**What you will do:**
Only some lines are wanted: please transcribe exactly those from the one containing "Falsche Nägel Bling" through the end of the data, pictures excluded.

Saved data entries:
☆ ☆ ☆

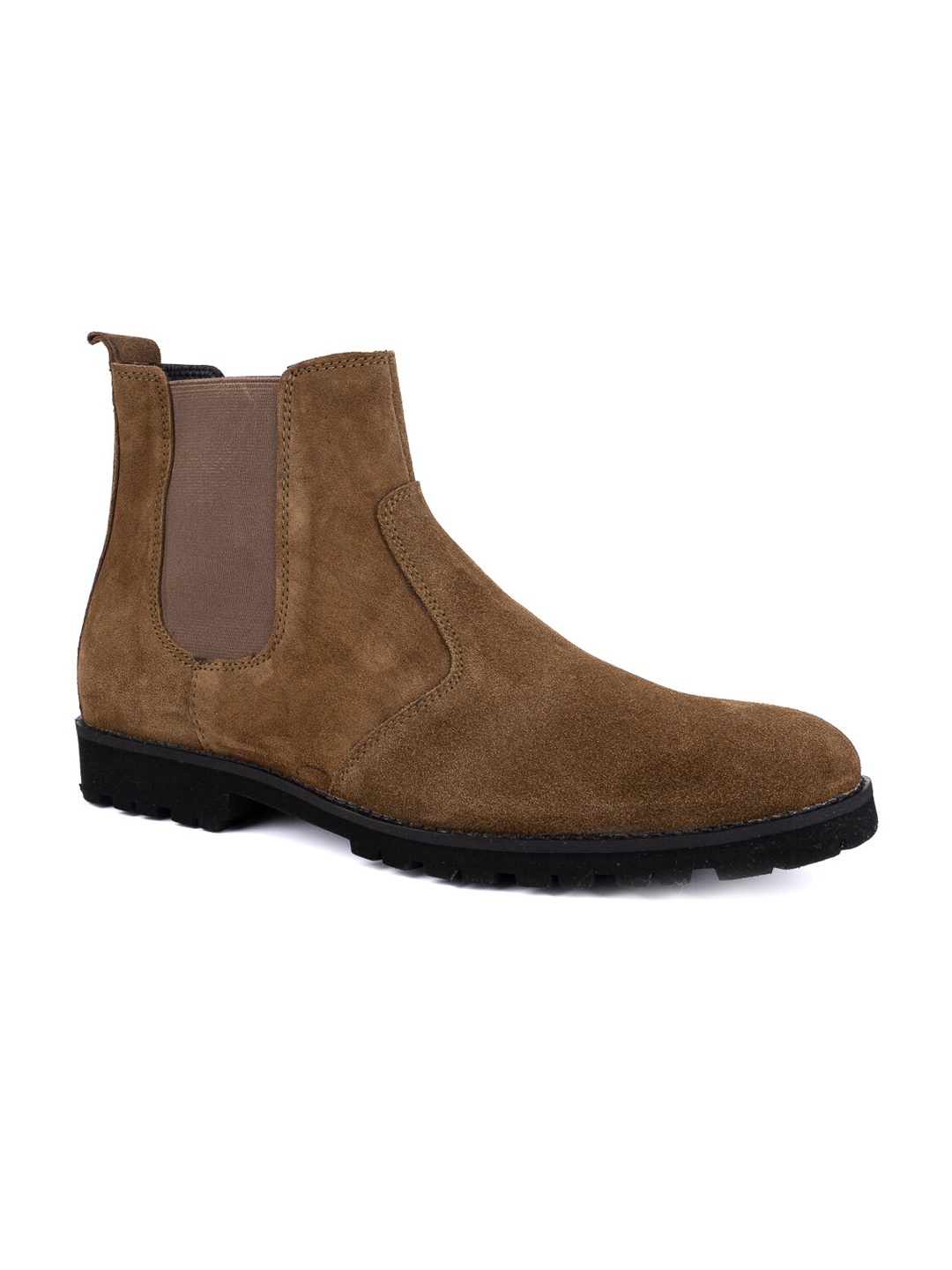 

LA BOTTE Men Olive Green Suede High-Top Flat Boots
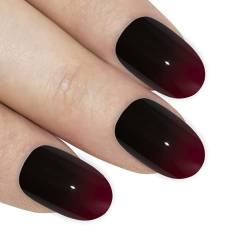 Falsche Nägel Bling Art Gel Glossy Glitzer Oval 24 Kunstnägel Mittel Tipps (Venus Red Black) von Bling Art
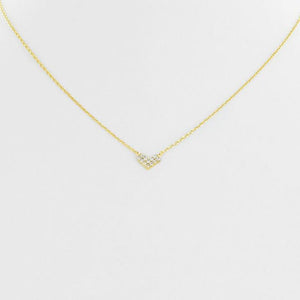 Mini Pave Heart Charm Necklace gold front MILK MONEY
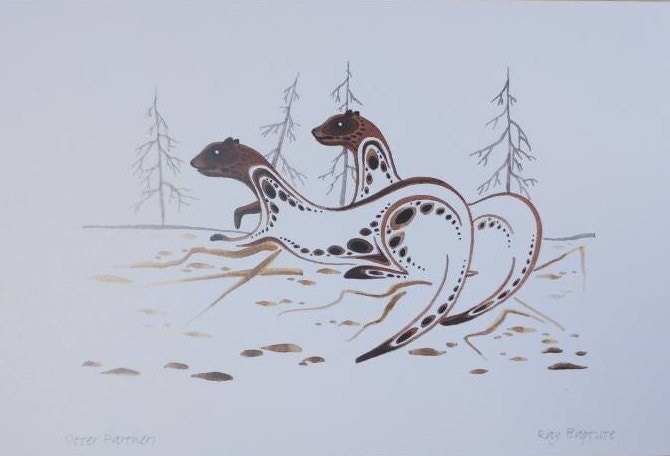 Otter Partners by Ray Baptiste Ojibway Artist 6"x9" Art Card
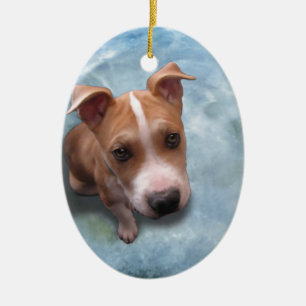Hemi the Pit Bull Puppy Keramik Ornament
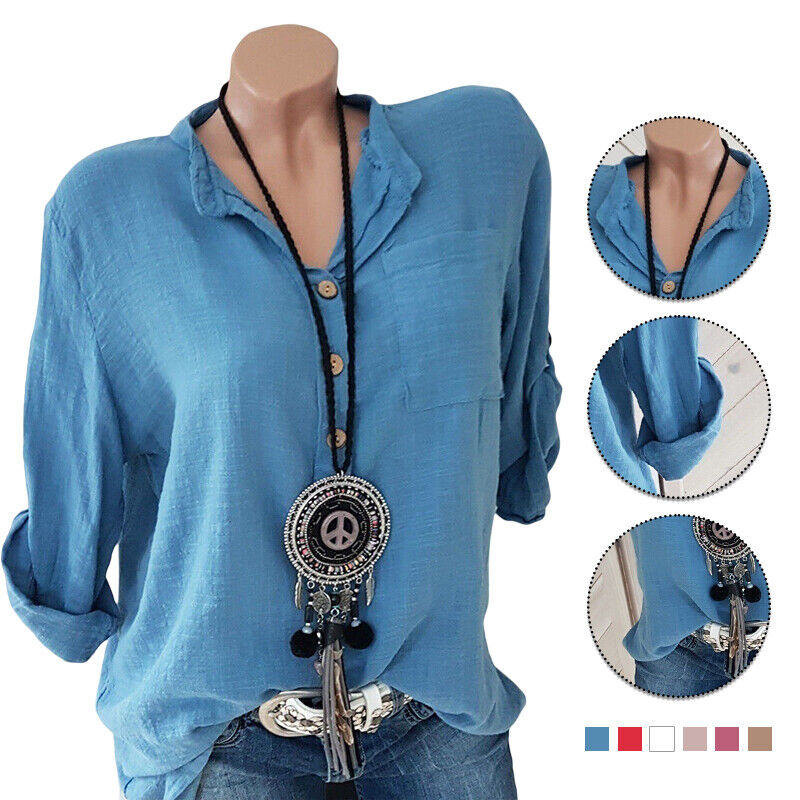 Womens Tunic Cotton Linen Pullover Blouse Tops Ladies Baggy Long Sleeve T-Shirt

☆ ☆ ☆

**Output of the exercise:**
 Falsche Nägel Bling Art Gel Glossy Glitzer Oval 24 Kunstnägel Mittel Tipps (Venus Red Black) von Bling Art
 Mini Pave Heart Charm Necklace gold front MILK MONEY
 Otter Partners by Ray Baptiste Ojibway Artist 6"x9" Art Card
Hemi the Pit Bull Puppy Keramik Ornament
 Womens Tunic Cotton Linen Pullover Blouse Tops Ladies Baggy Long Sleeve T-Shirt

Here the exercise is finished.